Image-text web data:

-- Opening Marker --

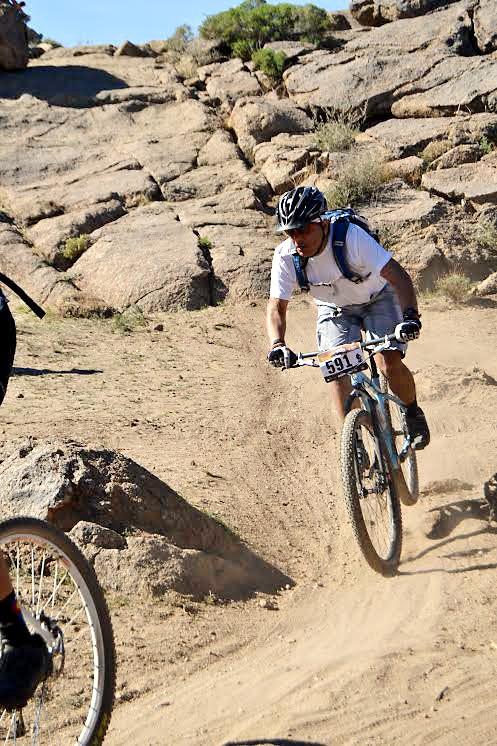 Daniela Vizcarra / The Daily Wildcat 

Antonio Espinosa rides down the infamous rock in the last leg of the 24 Hours in the Old Pueblo mountain bike race in Oracle, Ariz., on Saturday. Espinosa was apart of a 5-man team and rode two laps in the 18-mile mountain bike trail. 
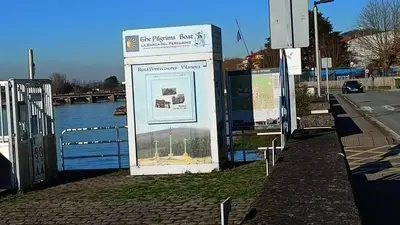 a sign for a bus stop next to a river at Cesuresrooms1 in Puentecesures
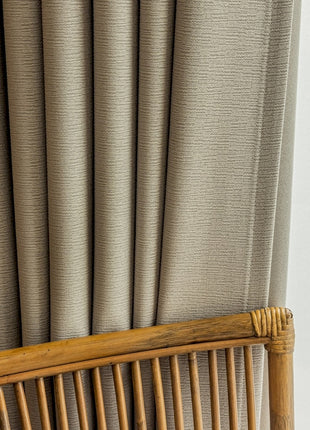 a close up of a bamboo bed frame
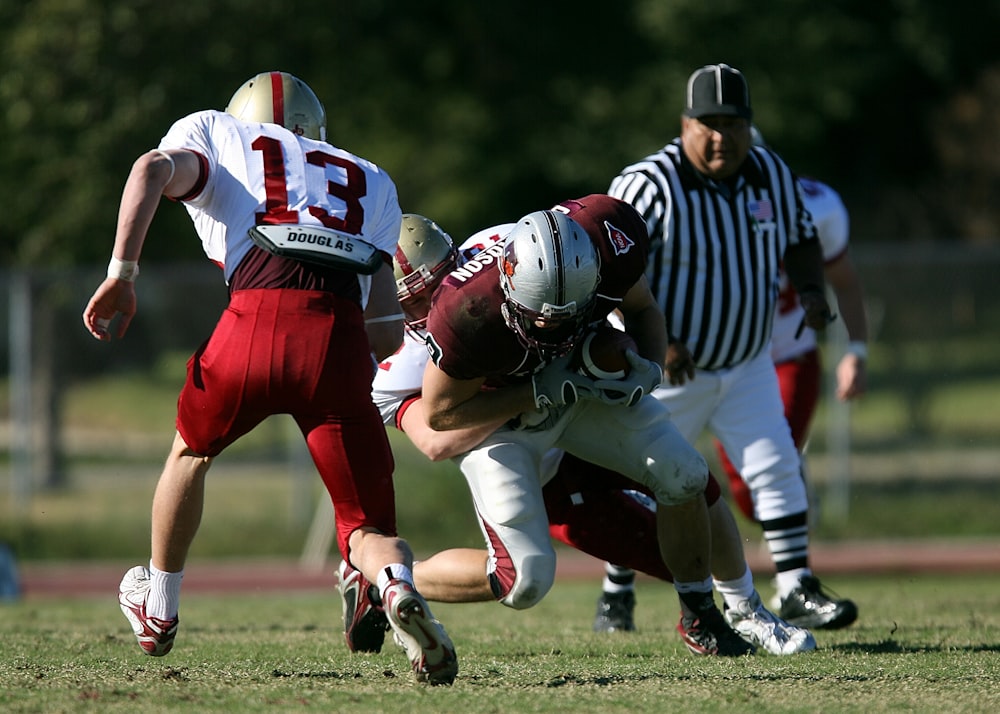 football players on green grass field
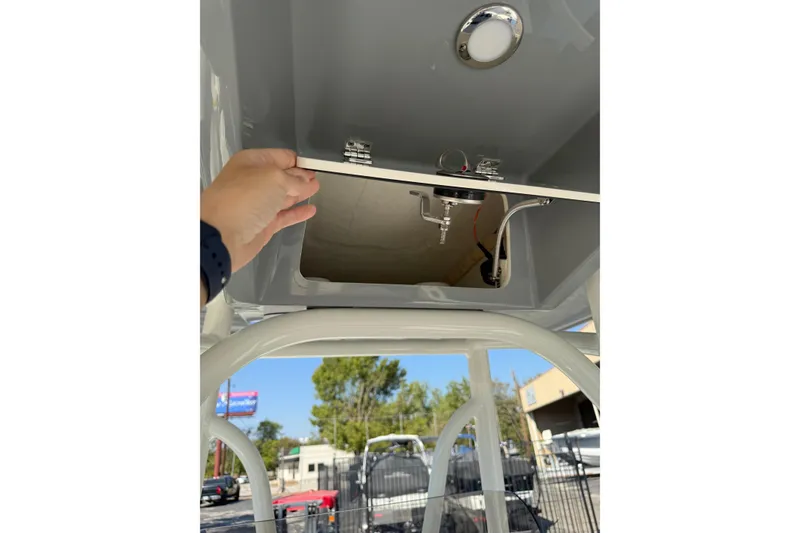 Slide: The Image of Hand opening compartment on 2026 Pathfinder 2400 Open boat, showing interior details. - 33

-- Closing Marker --

## Assigned task
Reproduce, exactly and with no pictures, the lines from the line containing "a sign for a" through the closing line of the data above, keeping both ends.

## Task solution
 a sign for a bus stop next to a river at Cesuresrooms1 in Puentecesures
 a close up of a bamboo bed frame
 football players on green grass field
 Slide: The Image of Hand opening compartment on 2026 Pathfinder 2400 Open boat, showing interior details. - 33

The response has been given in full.